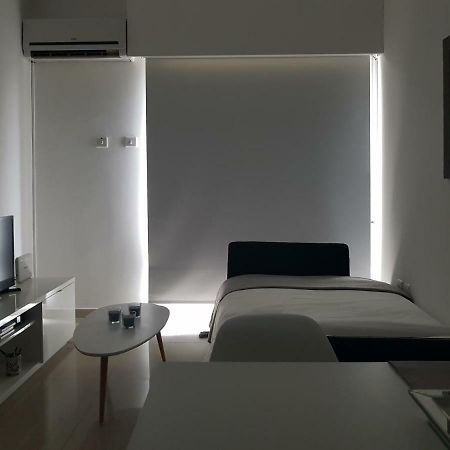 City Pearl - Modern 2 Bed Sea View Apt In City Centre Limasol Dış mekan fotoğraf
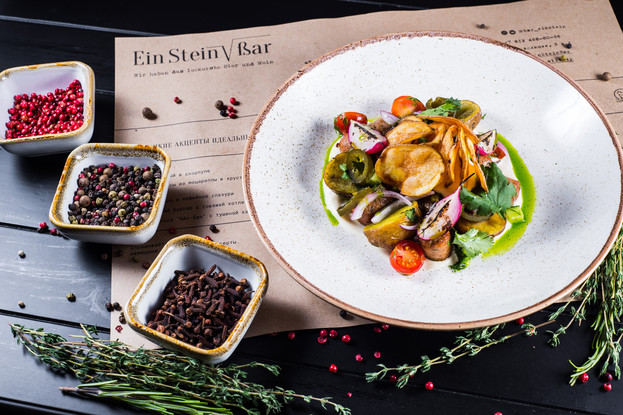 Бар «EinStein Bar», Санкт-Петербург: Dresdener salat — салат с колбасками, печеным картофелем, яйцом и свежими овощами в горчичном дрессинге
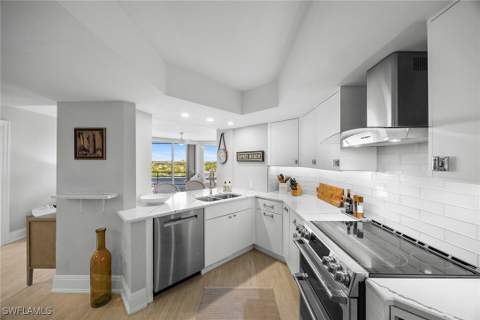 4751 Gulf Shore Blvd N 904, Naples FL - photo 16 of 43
· · ·
● **Exercise requirements**:
Set down the whole listing word for word, omitting the pictures.

● **Finished task**:
 City Pearl - Modern 2 Bed Sea View Apt In City Centre Limasol Dış mekan fotoğraf
 Бар «EinStein Bar», Санкт-Петербург: Dresdener salat — салат с колбасками, печеным картофелем, яйцом и свежими овощами в горчичном дрессинге
 4751 Gulf Shore Blvd N 904, Naples FL - photo 16 of 43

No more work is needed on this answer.